INPUT RECORDS:
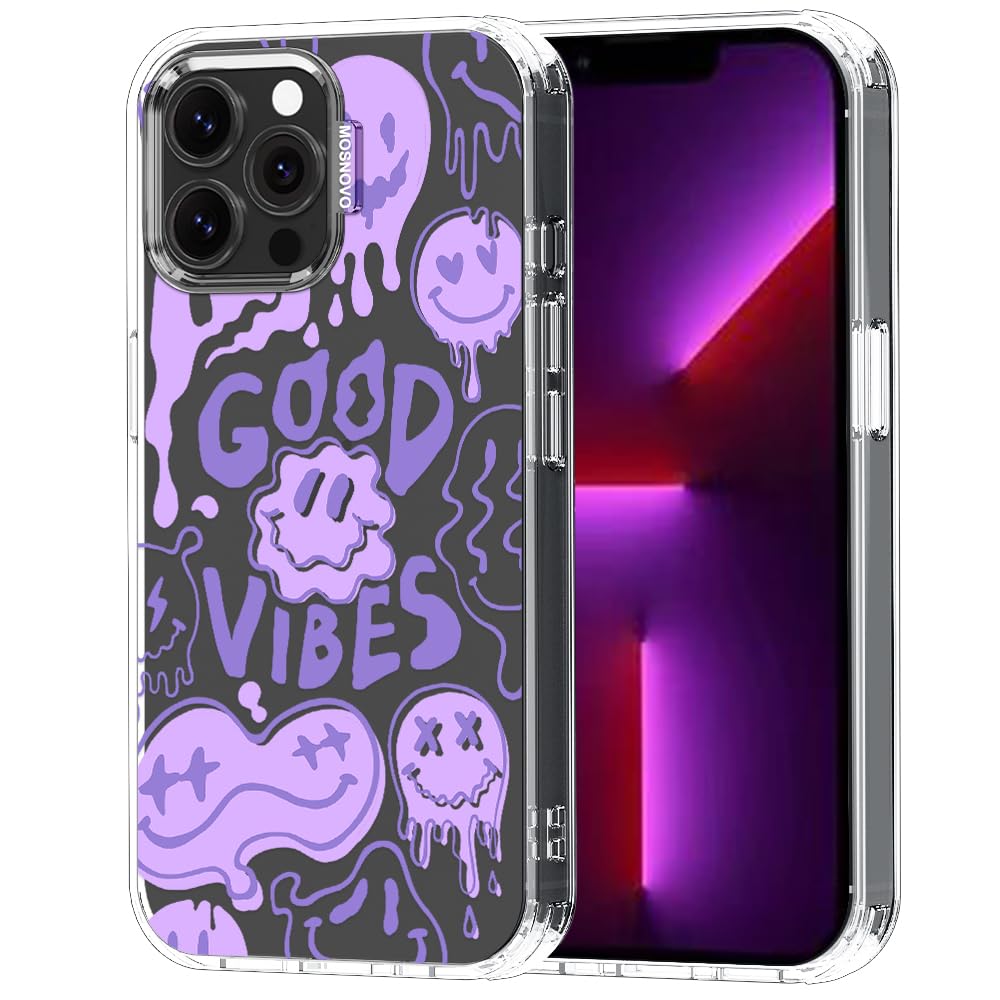 MOSNOVO Case for iPhone 13 Pro Max, [Buffertech 6.6ft Military-Grade Drop Protection] [Anti Peel Off Tech] Clear TPU Bumper Phone Case Cover Design -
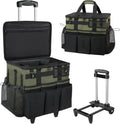 Rolling Cleaning Caddy Bag with Detachable Trolley, Large Cleaning Supplies Organizer with Wheels, Multi-Pocket Cleaning Cart with Adjustable Shoulder Strap for Housekeepers & Home Use, Armygreen
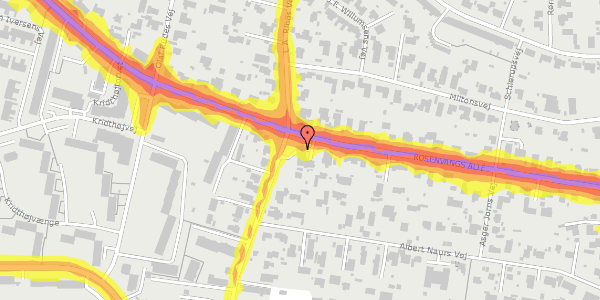 Trafikstøjkort på Rosenvangs Allé 218, 8270 Højbjerg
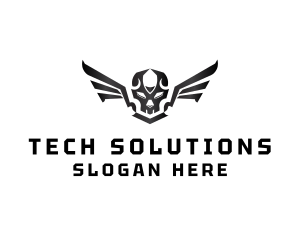 Modern Skull Wings logo design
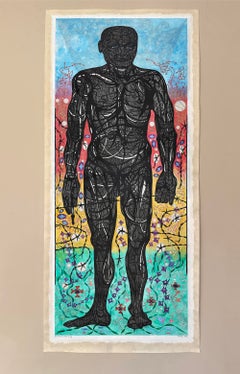 "The Prisoner's First Telling", Contemporary, Mixed Media Woodcut Trial Proof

EXERCISE:
Copy out all the data exactly; skip the pictures.

YOUR RESPONSE:
 MOSNOVO Case for iPhone 13 Pro Max, [Buffertech 6.6ft Military-Grade Drop Protection] [Anti Peel Off Tech] Clear TPU Bumper Phone Case Cover Design -
 Rolling Cleaning Caddy Bag with Detachable Trolley, Large Cleaning Supplies Organizer with Wheels, Multi-Pocket Cleaning Cart with Adjustable Shoulder Strap for Housekeepers & Home Use, Armygreen
 Trafikstøjkort på Rosenvangs Allé 218, 8270 Højbjerg
 Modern Skull Wings logo design
 "The Prisoner's First Telling", Contemporary, Mixed Media Woodcut Trial Proof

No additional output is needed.